Most of the papers headline former president Fidel V. Ramos’s crotchety press conference yesterday:
Ramos gives Arroyo until mid-2007 to quit: Says he still supports President, but… (Inquirer)
FVR stands by Arroyo (Manila Standard-Today) – not to mention this charming tidbit, Ramos displays tattoo to explain his absence (for someone who remembers the sight of a septugenarian Ferdinand Marcos trying to display his muscles, Ramos trying to do the same thing -he proudly pointed out his biceps in a photo to the press- smacks too much of deja vu)
FVR still for Gloria, warns of unrest (Daily Tribune)
Ramos to Gloria: Shape up or else… (Malaya)

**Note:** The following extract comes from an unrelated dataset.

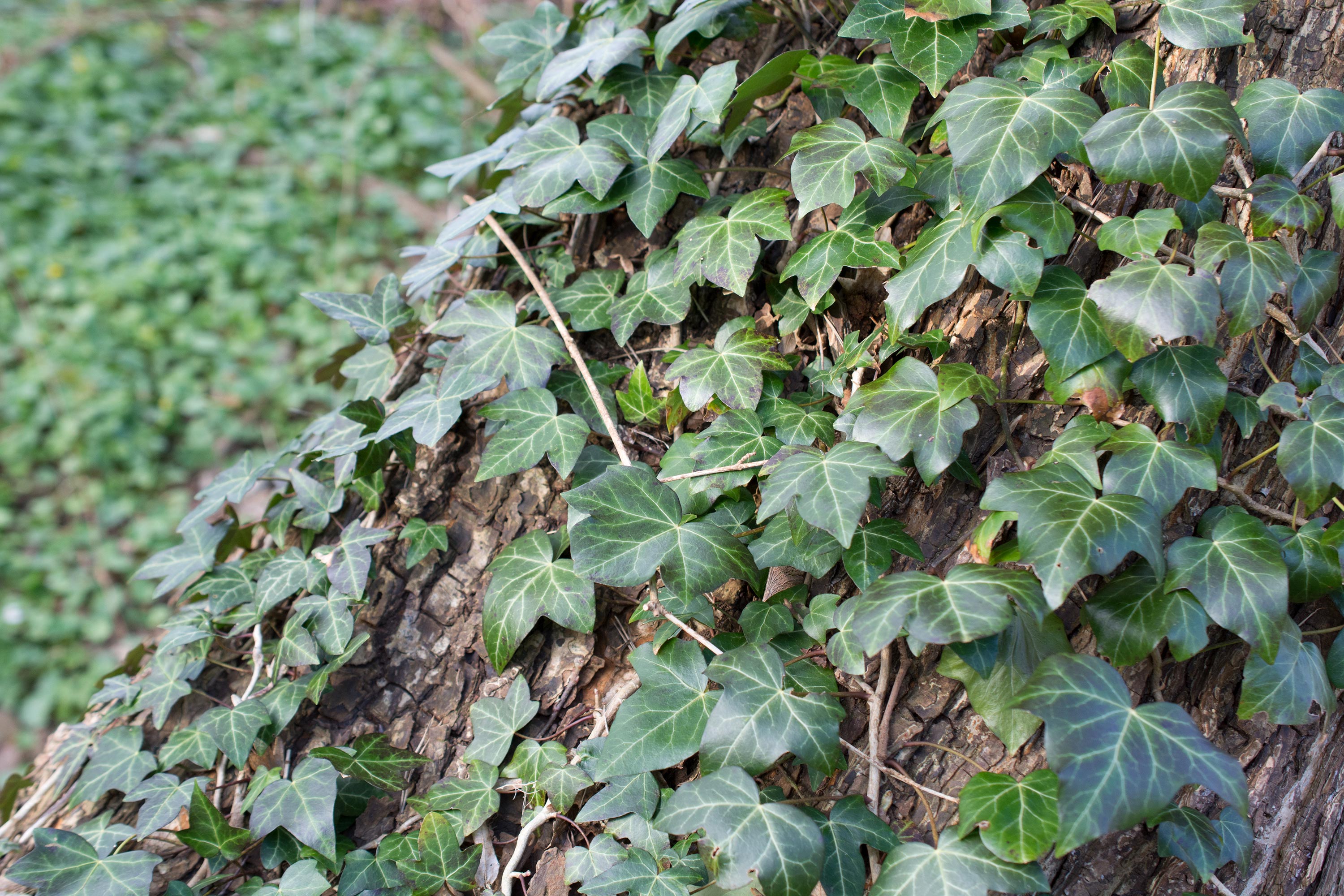 Hedera helix, Kulla Gunnarstorp (Sweden). Photo: Lars Salomon. CC BY-NC 4.0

Ramos rues disunity in government (Sun-Star, and the most elegant headline)
Columnists weighed in with their views on whether the former president’s silence until recently was Delphic or whether he can be considered sphinx-like: Tony Abaya believes the last card Ramos has left to play is quite an Ace in the hole: Uncle Sam. Leandro Coronel, on the other hand, simply wishes the former president would fade away. Larry Sipin thinks Ramos is an attention whore. Ricky Carandang previously intimated that Ramos had to put out a frisky rabbit out of his hat soon (or at least set about procuring a better rabbit than the one promptly stewed and eaten by President Arroyo after Ramos pulled it out of his hat last July). But like I said yesterday, no rabbit, not even a hat. As one colleague pithily remarked after viewing Mr. Ramos’s press conference yesterday, “what a complete waste of time.” Philippine Commentary is less inclined to give Ramos short shrift like I did, and instead dissects Ramos’s statements: perhaps it’s true that Ramos is simply revising his version of the Schlieffen Plan?
News articles of note:
New law mulled for people’s initiative on Charter change -this is emerging as one of the main political fights of the year. Banketa Republique has more on the people behind this effort.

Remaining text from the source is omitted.